**EXERCISE:** Take the line that contains "Sevgi dolu çift" and every line below it to the end of the entries, and give them again exactly, leaving out any pictures.

Short web captions:
═══

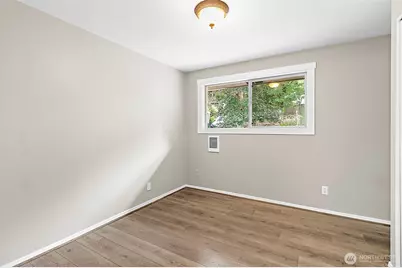 9656 Beacon Avenue S, Seattle, WA 98118 - Photo 11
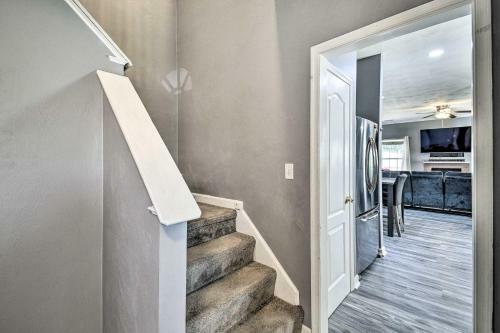 Norfolk Townhome Less Than 2 Mi To Ocean View Beach!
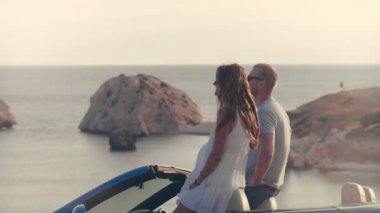 Sevgi dolu çift deniz Uçurumun kıyısında bakış açısı üzerinde otopark Cabriolet oturan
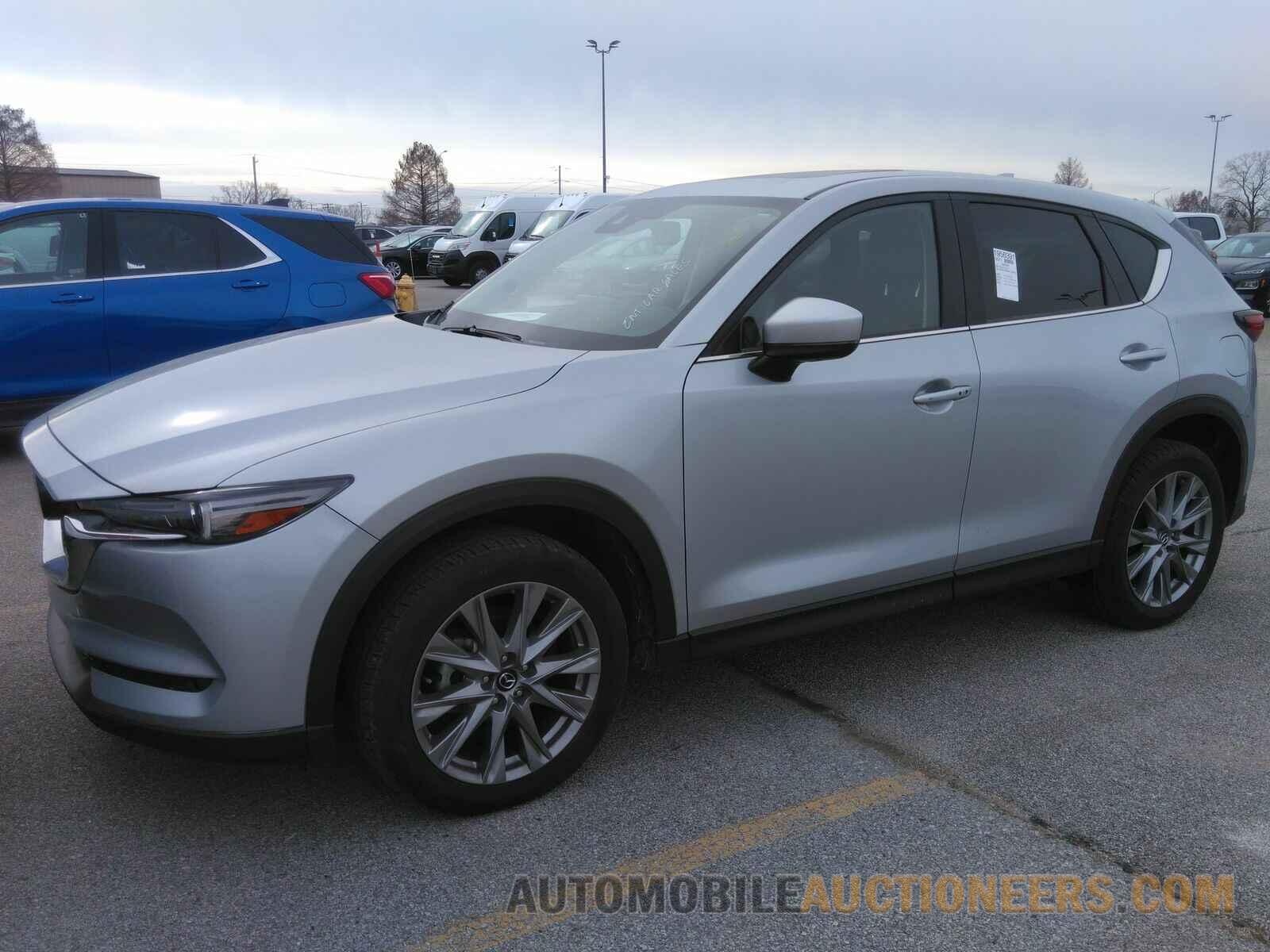 JM3KFADM3M1318812 MAZDA CX-5 2021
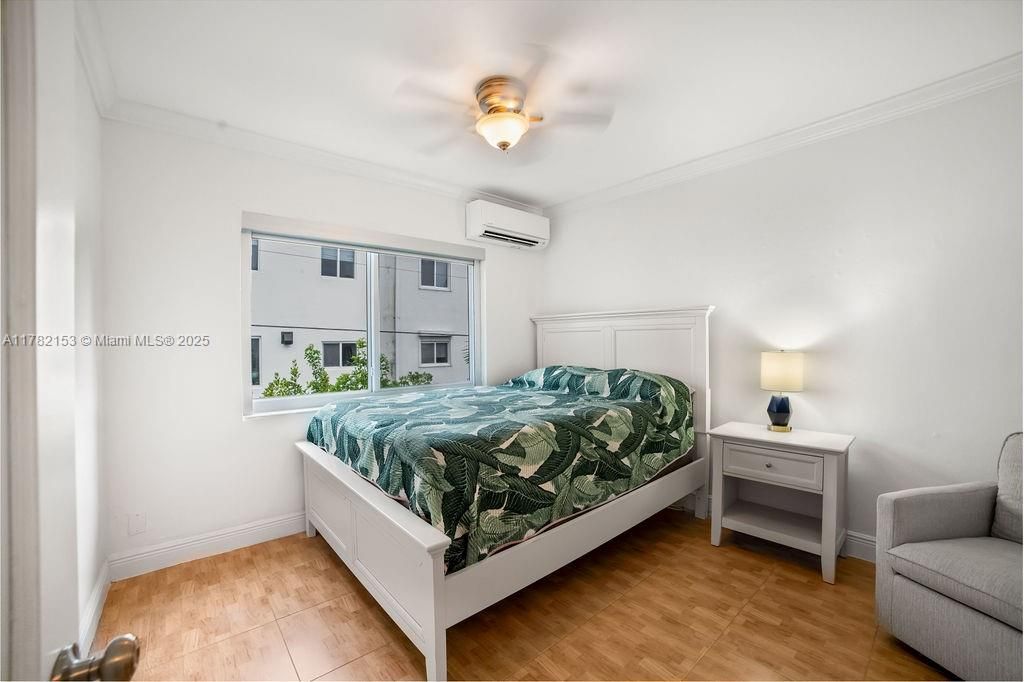 На продажу: $330,000 (2 спален, 1 ванн, 790 Квадратных фут)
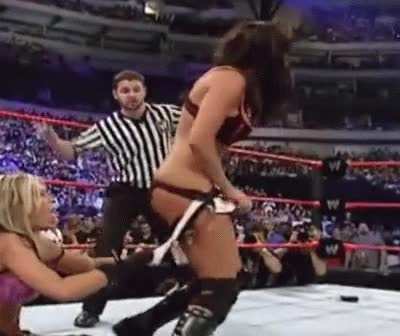 Candice pantsed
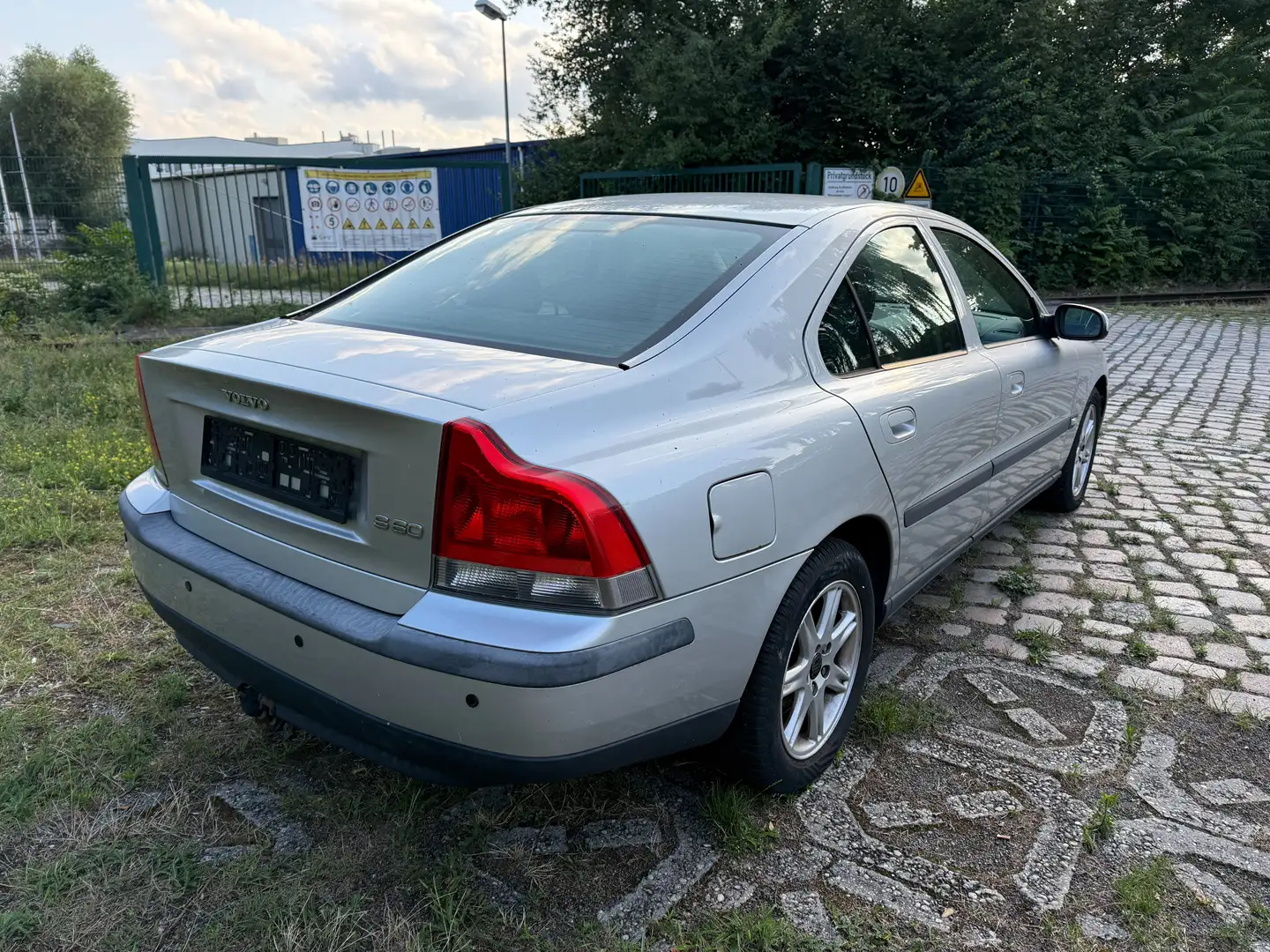 Volvo S60 2.4  (103kW) Gri - 2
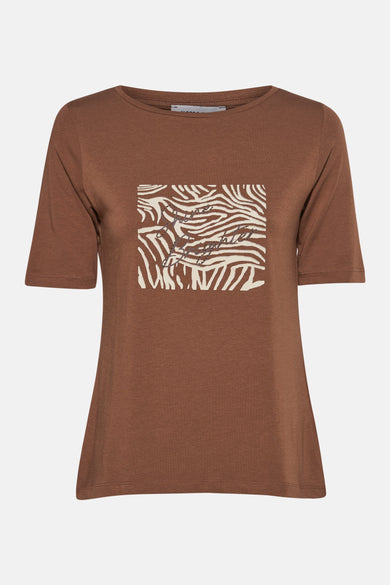 T-shirt à manches courtes brun de MORE & MORE, avec un motif zébré carré sur le devant.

═══

**PROBLEM SOLUTION:**
 Sevgi dolu çift deniz Uçurumun kıyısında bakış açısı üzerinde otopark Cabriolet oturan
 JM3KFADM3M1318812 MAZDA CX-5 2021
 На продажу: $330,000 (2 спален, 1 ванн, 790 Квадратных фут)
 Candice pantsed
 Volvo S60 2.4  (103kW) Gri - 2
 T-shirt à manches courtes brun de MORE & MORE, avec un motif zébré carré sur le devant.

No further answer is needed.